Bizler çocuklarımızı terbiye ederken önce kendimize baksak ve ahlâkî düsturların, prensiplerin varlığından haberdar olsak acaba ne kazanırız ne kaybederiz? Öncelikle boş ve dayanıksız bilgilerle nefesimizi tüketmesek. Dolu dolu bilerek muhatap olsak. Her şeye ve de olur olmazlara ısrar etmesek. Seçici olsak. Nokta atışı yapsak. Çocukların ve gençlerin hallerine çok karışmasak ve kendilerinin dönüşlerini beklesek…
Hani büyüklere saygı, küçüklere sevgi ezberi içerisinde; çok hem de çok çok emredici ve tahkimvarî alışkanlıklarımızı onların isteğine bağlı olarak değiştirmeye çalışsak.
Zor ve kabul edilemeyecek düşüncelerin çocukların yapması gibi bir beklentide olmasak.
Çok beklemekten ve çok merak ettirmekten her zaman iyilik ve güzelliğin çıkmayacağını bilerek sabırları zorlamasak.
İyilikleri arzu edip isterken bunun yolunun kötülüklerin yolunu kesmekten geçtiğini bilsek.

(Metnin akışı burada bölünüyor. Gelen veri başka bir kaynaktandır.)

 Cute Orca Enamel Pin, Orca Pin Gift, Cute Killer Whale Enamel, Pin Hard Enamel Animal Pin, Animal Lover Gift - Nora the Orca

Konuşmayı açık, istekleri net olarak belirlerken sır tutmanın ve gizliliğinde bir hakîkat olarak var olduğunu onlara öğretmeye çalışsak.
Methedilmeyi hak saysak, ama yüzlerinden çok gıyablarında onların olmadığı ortamlarda dillendirsek.
Verilen sözlerin ve vaadlerin bir gün yapılma ve tahakkuk zamanlarının geleceğini bilerek ölçüyü kaçırmasak ve daima orta yolda ve ayarda bunları yapabilsek.
Minnet etmeme ve el açmamanın birinci ilâcının başlangıçtan itibaren çalışmaktan ve helâl kazanmaktan geçtiğini, yaşanan tecrübelerle anlatsak.
Sözlerimizde sebat ederek, tavsiyelerimizi üstün tutarak, bildiklerimizle amel etsek ve bunun farkındalığını çocuklar üzerinde görmeye çalışsak.
Elbette ve elbette güzel olur, hak olur, hakîkat olur ve gerçek bir terbiyeye açılan pencereler olur inşallah.